I made the switch to the Apple ecosystem a few years ago. It started with a MacBook – a switch I’d been publicly wanting to make for years and years, as an in-joke among my friends and a public joke on TheServerSide.com, and then I got a job where the MacBook was standard gear.
I was thrilled, and while I’ve switched back and forth since then (I used Fedora as my daily driver for a while in the middle there, and even used … Windows for a bit), my path has been clear: OSX is the most comfortable desktop environment for me!
I then got an iPad; it replaced my beloved Surface (which had replaced a Kindle) as a working tablet. Then came the iPhone, and the Apple Watch. I don’t have Airpods, but I would rather have traditional headphones anyway – and there’s no way I’m going to even think about spending the money on the Apple headphones.
(Wireless headphones… nah. I use wired headphones, because when I’m wearing headphones, I’m doing music, and wireless headphones add latency.)
This morning, I needed to figure out a route to an appointment, and so I cranked up the OSX Maps app… found my route (using the same basic interface as I have on my iOS device), and bingo, everything had it.
I feel vaguely like a cyborg, with my devices working with and for me, as opposed to just being passive tools.
And yes, I know, it’s no big deal, really: it’s just effective user experience, something the industry should be good at creating already (and it’s getting better all the time). In the end, it’s just programs working together, with Apple making a specific point out of doing it well because they have a singular ecosystem.

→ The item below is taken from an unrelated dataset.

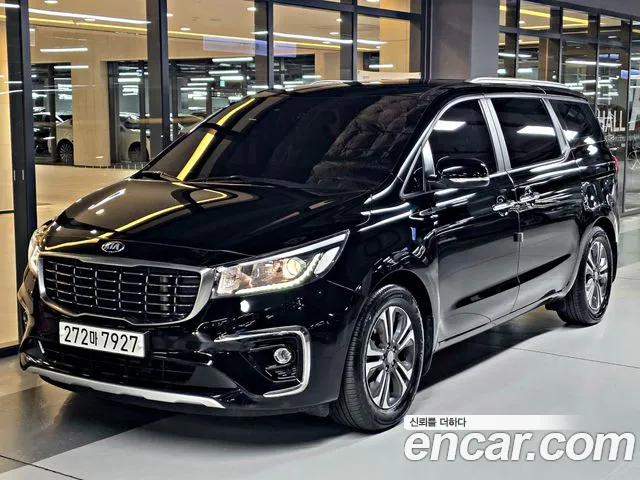 Kia Canival 2020 — photo 1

Google does it too, after all, and so does Microsoft; they just have a much wider hardware and software ecosystem to deal with, so it’s a lot harder to make it happen as seamlessly as Apple does.
I just experienced the seamless interaction between my devices this morning, in a positive way, and for some reason it stuck out to me how convenient and awesome it all is, when it’s not thrown in your face all the time.
We live in a wonderful world. Now we just need to figure out how to act wonderfully to each other.